10,000 Hours

This is the face of 10,000 hours of computer programming.



I’ve talked before about how terrible I am when it comes to reading – last year I read one book, and so far this year I’ve been on track to read zero books. To put that another way, so far this year I’ve read the same number of books as a 9 year old girl in rural Pakistan. When you think about it, that’s kind of impressive – just as Malala Yousafzai was an inspiration to girls everywhere for pursuing literacy in the face of hash religious opposition, I’m sort of an inspiration to lazy douchebags everywhere for resisting literacy in a city full of bookstores and libraries.
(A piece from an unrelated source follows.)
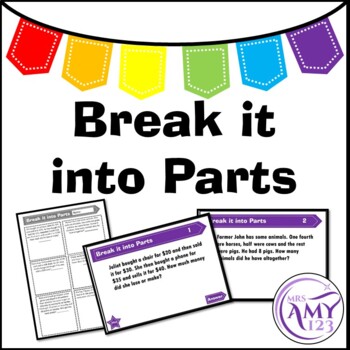 Multi Step Break It Into Parts Problem Solving By Mrs Amy123 Tpt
Last week, though, I decided that maybe I should make some effort to not squander 16-odd years of education, so when I found myself in the vicinity of a Barnes and Noble I went in and picked up Malcolm Gladwell’s nonfiction book Outliers, which I vaguely understood to be about numbers or some shit like that. After a week of reading, I think a better title for the book would be, Holy Fucking Shit Is That True? And Other Stories Of How Malcolm Gladwell Is Smarter Than You And Everyone You’ve Ever Met.

The main gist of the book is that, in fact, you really didn’t build that – at least, not on your own. As Gladwell explains, the reason that some people are successful isn’t strictly that they’re smart – it’s that they’re smart enough and happened to have been born at the right time.

For example, all the computer revolution billionaires were born between 1952 and 1956 into rich families with access to early computer programming classes, allowing them to be programming masters in the 1970s when personal computing began to take shape. Nine of the richest people in human history were Americans born in the 1830s, which allowed them to be experienced businessmen in 1870s when our economy began to explode. I could give you shitty, condensed examples all day, or you could go read the book.

The part that really captivated me, though, was a chapter in which Gladwell explains that studies show the only reason anyone has ever been a master at something is because they put in 10,000 hours of practice at it. The symphonies Mozart wrote as a child weren’t particularly good or original, but they were practice – so by the time he was a young adult, he’d put in 10,000 hours of practice at music and was one of the most gifted musicians of all time. Bill Gates grew up in such an environment that he could invest 10,000 hours of his adolescence on programming, meaning he was a master programmer at the exact time the world needed master programmers.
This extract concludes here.